This biography is reprinted with kind permission from Constructing Scientific Communities. It was written by Dr Alison Moulds.
Born: 9 July 1869, India
Died: Unknown
Country most active: India
Also known as: Mrs. Dissent Barnes
One medical woman who I unearthed during my research proved to be relatively invisible in scholarship and to have little digital presence. This was Florence Dissent (later Dissent-Barnes), an Anglo-Indian practitioner in the late nineteenth and early twentieth century. I first encountered Dissent in the pages of the Indian Medical Record, which devoted a full-page illustrated biography to her when she was just 26 years old.
Dissent was born on 9 July 1869 in Calcutta, the then-capital of British India. She was initially educated at home and between the ages of 8 and 14 was a pupil at Loreto Convent, an all-girls Roman Catholic school. Dissent qualified in medicine in Europe. She received her MD from Brussels and was licensed through the Scottish Triple Qualification from the Royal College of Physicians of Edinburgh, the Royal College of Surgeons of Edinburgh, and the Royal College of Physicians and Surgeons of Glasgow.
Back in India, she was attached to the National Association for Supplying Medical Aid to the Women of India (commonly known as the Dufferin Fund, after the Viceroy’s wife), and later the state-funded Women’s Medical Service for India (established in 1913). At the outset of her career, Dissent worked at the Dufferin Hospital for women in Allahbad. In 1891, the Indian Medical Gazette featured her clinical observations from practice there, printing ‘Two Cases of Large Uterine Polypus’ in its ‘A Mirror of Hospital Practice’ column. She published under the name ‘Miss’, indicating that she practised as a surgeon.
As mentioned, Dissent was the subject of a full-page biographical sketch in the Indian Medical Record (IMR) in 1895. The article charted her personal and professional achievements and also framed her as source of inspiration for the Anglo-Indian community and for aspiring medical women. It suggested she was a ‘striking illustration’ of ‘what can be accomplished by patient self-denial on the part of Anglo-Indian parents with only limited means at their command’. The term Anglo-Indian typically referred to those of British descent who were born, raised or long-domiciled in India, or sometimes to those of mixed racial heritage. The Anglo-Indian community faced prejudice and struggled to secure appointments in the medical or civil services unless they could afford to travel to London to take the entrance exams.

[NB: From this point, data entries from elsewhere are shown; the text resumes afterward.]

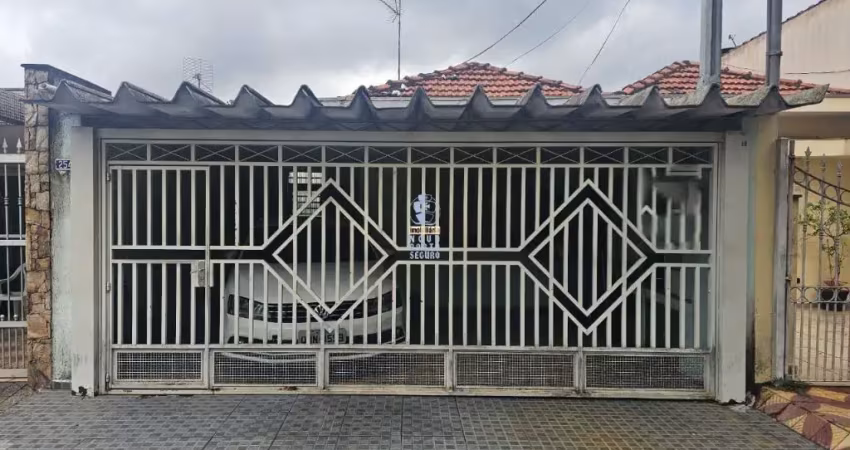 Casa com 2 quartos à venda no Jardim Japão, São Paulo 
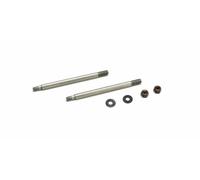 KYOSHO K.IFW140-02 Assi Pistoni Ammortizzatori Anteriori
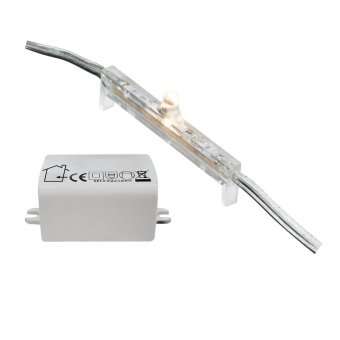 Встраиваемый светодиодный светильник Paulmann Special Line GrooveLight 93756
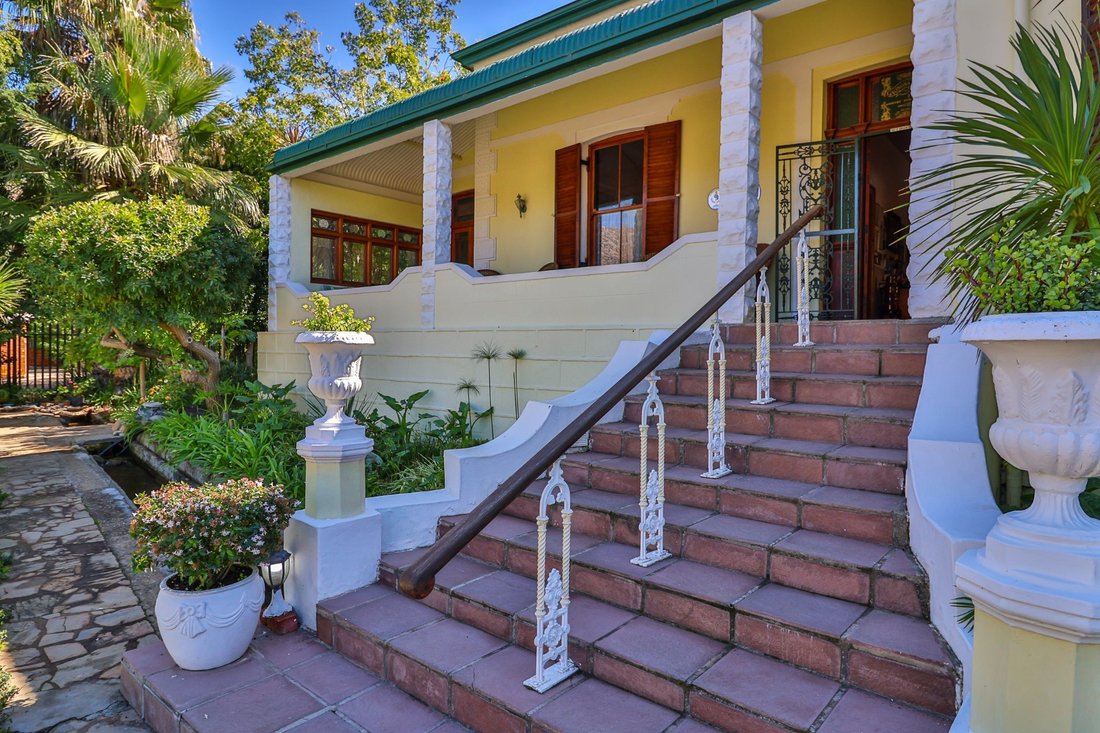 House in Montagu, Western Cape, South Africa 2 - 17253097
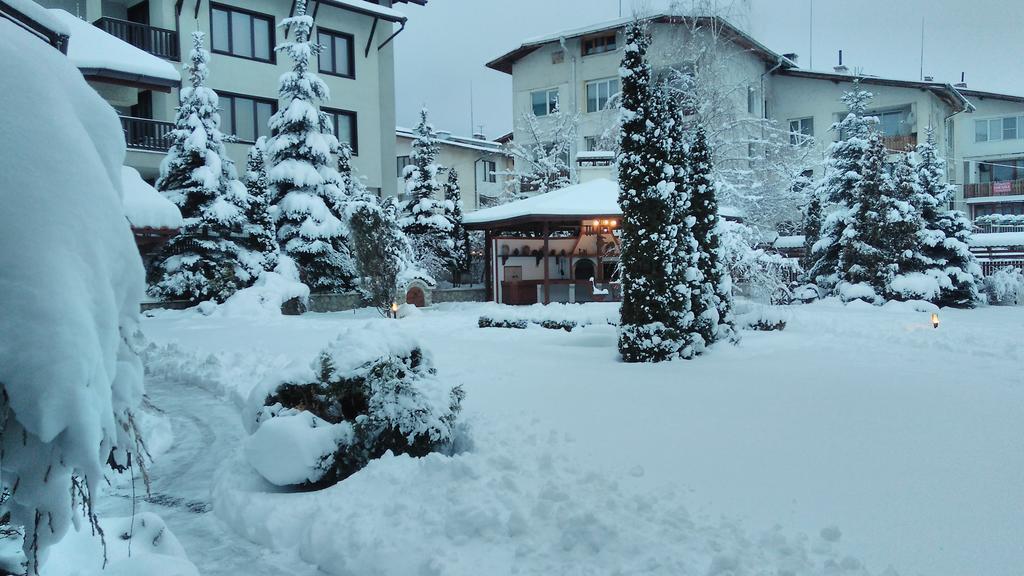 Evelina Palace Hotel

Reflecting on the medical-woman movement, the article argued, ‘[m]any avenues of work are open for our girls, but none offers so splendid an opportunity for usefulness to women in any other part of the world, as medical practice by women among women of India’. Medical women were typically valued for their ability to attend female patients who observed purdah or zenana, practices of veiling and segregation. The article continued: ‘The zenanas will remain closed to men physicians for another century, and all this while women physicians have to themselves an unexplored field of service that is unsurpassed in its possibilities for doing good’. Some commentators contested the idea that Indian women were reluctant or unwilling to be attended by medical men, but the idea of an appetite or need for female practitioners was successfully mobilised by the medical-woman movement and its supporters. The IMR article is especially enthusiastic in its advocacy here.
When I added my entry on Dissent to Wikipedia, I was surprised and overjoyed to find that another editor quickly waded in with more information on her. This unknown contributor pointed out that in 1912, social reformers Sidney and Beatrice Webb visited Dissent’s hospital for women and children in Bhopal. They noted that Dissent was involved in training dais (native midwives), at the orders of the Begum. While the Webbs were highly pejorative towards the dais, characterising them as ‘ignorant and superstitious’, they do not provide an insight into Dissent’s attitudes. I found it remarkable that someone in the Wiki-editing community knew about Dissent when she was generally so forgotten.
Resurrecting Dissent’s career trajectory relies on patchy information, but I also found that in 1922 she was attached to the Government of Bombay to inquire into the maternity conditions of industrial women workers. A year later, her report on this subject was published in the Bombay Labour Gazette.
At some point she seems to have married, for she published first under the name ‘Miss Dissent’ and later under ‘Mrs Dissent Barnes’. When so many historical (and modern-day) women are represented as adjuncts to better-known husbands, it is refreshing to find that the record of her medical work outstrips anything about her romantic life.